The I-prefer-another-framework objection
Another odd objection the Addendum has come from various causal epidemiologists with strong views on trials but no skin in the trials game. Despite that jab, I’ve learned a lot from the field of causal epidemiology (post forthcoming about one such point). However, there is something very strange here. There seems to be this sort of hurt, like, ‘Ugh trials people have discovered estimands and think they’ve invented them, and have all this annoying new terminology when we have been doing this for years’ (yes, everyone agrees intercurrent event is a terrible term, and so are several of the terms for intercurrent event strategies). See above for what prompted the Addendum.
One person said ‘I think it is a mistake to advocate for this framework when, in my opinion, there are established frameworks that address “intercurrent events”.’ Then, no joke, they pointed us to the following passage4.
Several causal effects can be of interest in true randomized trials. Two common ones are the intention-to-treat effect (i.e., the comparative effect of being assigned to the treatment strategies at baseline, regardless of whether the individuals continue following the strategies after baseline) and the per-protocol effect (i.e., the comparative effect of following the treatment strategies specified in the study protocol). Often, both effects are of interest. If the intention-to-treat and per-protocol effects are of interest in the target trial, we would try to estimate analogs of both effects from our observational data.
I assume neither of the authors of this paragraph would claim it as an alternative framework, but one of their disciples does. To be clear, it’s not. It does not contain a description of the estimands (the word ‘analogs’ is a clue; the estimand is a statement of what we wish to estimate, and as such does not depend on the study design). The use of the terms intention-to-treat and per protocol does nicely highlight the need to separate what we want to estimate from how we estimate it. These terms describe analysis sets, and using them to denote estimands causes confusion. The FLO-ELA trial example in our paper shows how treatment policy and ITT can be at-odds. Finally, per protocol is itself an ambiguous term: it could mean a hypothetical strategy, a principal stratum strategy, or something else.

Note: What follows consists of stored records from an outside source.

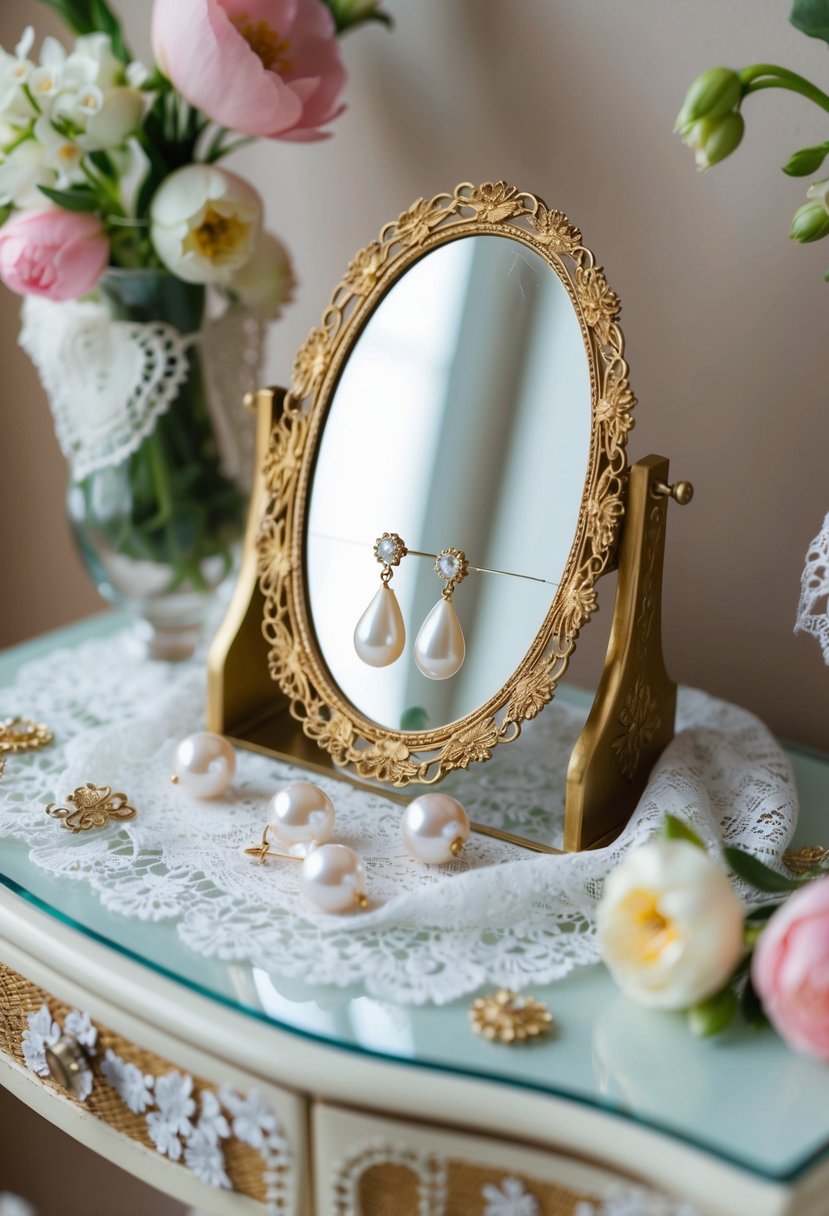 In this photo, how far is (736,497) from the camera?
3.10ft

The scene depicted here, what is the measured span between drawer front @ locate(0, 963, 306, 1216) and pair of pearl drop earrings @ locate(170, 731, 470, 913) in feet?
0.41

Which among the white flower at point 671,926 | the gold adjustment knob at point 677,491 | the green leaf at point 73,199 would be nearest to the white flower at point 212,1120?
the white flower at point 671,926

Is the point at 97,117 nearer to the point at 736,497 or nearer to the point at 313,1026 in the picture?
the point at 736,497

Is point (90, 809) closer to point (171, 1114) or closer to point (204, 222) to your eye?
point (171, 1114)

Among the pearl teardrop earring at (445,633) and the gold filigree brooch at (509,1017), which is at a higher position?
the pearl teardrop earring at (445,633)

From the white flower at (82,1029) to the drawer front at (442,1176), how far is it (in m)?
0.16

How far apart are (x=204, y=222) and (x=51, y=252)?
12 centimetres

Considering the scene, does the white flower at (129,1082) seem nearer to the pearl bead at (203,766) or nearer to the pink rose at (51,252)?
the pearl bead at (203,766)

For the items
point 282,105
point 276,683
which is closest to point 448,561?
point 276,683

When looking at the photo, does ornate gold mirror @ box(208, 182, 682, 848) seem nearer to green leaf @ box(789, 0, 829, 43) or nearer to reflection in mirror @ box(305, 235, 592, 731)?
reflection in mirror @ box(305, 235, 592, 731)

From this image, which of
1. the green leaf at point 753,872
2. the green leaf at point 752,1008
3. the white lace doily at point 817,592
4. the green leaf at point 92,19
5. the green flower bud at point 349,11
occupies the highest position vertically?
the green flower bud at point 349,11

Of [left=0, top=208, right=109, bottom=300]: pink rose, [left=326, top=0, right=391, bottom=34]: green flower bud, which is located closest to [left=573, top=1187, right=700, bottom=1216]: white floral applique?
[left=0, top=208, right=109, bottom=300]: pink rose

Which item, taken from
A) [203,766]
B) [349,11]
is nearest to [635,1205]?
[203,766]

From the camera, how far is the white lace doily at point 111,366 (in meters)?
1.02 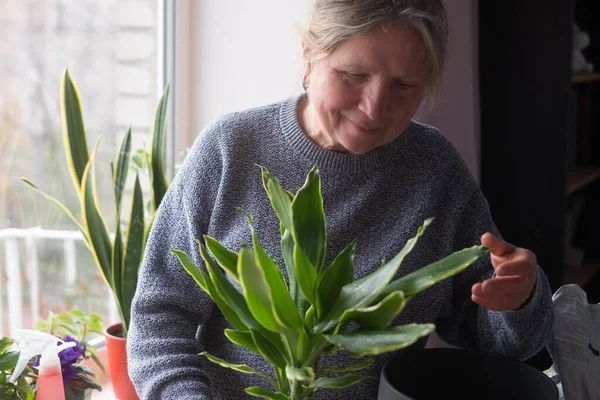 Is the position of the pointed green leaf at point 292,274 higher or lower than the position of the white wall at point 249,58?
lower

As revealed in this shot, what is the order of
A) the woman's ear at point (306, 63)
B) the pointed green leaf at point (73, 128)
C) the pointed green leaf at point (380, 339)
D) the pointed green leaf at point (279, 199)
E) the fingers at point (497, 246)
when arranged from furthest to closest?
1. the pointed green leaf at point (73, 128)
2. the woman's ear at point (306, 63)
3. the fingers at point (497, 246)
4. the pointed green leaf at point (279, 199)
5. the pointed green leaf at point (380, 339)

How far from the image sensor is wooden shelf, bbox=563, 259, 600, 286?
329cm

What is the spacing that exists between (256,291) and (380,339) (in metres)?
0.13

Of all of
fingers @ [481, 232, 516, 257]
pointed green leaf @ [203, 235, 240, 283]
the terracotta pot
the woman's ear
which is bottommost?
the terracotta pot

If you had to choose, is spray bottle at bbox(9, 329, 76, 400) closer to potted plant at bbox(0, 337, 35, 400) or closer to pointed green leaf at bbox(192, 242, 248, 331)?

BC Kahan, J Hindley, M Edwards, S Cro, TP Morris. The estimands framework: a primer on the ICH E9(R1) addendum BMJ 2024; 384:e076316 doi:10.1136/bmj-2023-076316
European Medicines Agency. ICH E9 (R1) addendum on estimands and sensitivity analysis in clinical trials to the guideline on statistical principles for clinical trials. 2020. https://www.ema.europa.eu/en/documents/scientific-guideline/ich-e9-r1-addendum-estimands-sensitivity-analysis-clinical-trials-guideline-statistical-principles_en.pdf.
National Research Council Panel on Handling Missing Data in Clinical Trials. The Prevention and Treatment of Missing Data in Clinical Trials. National Academies Press; 2010.
MA Hernán, JM Robins. Using Big Data to Emulate a Target Trial When a Randomized Trial Is Not Available. American Journal of Epidemiology. 2016; 183(8):758-64. doi:10.1093/aje/kwv254
I wonder if DAGs suffer from the same kind of critique, i.e. they aren't useful because they don't actually tell you precisely *how* to estimate things.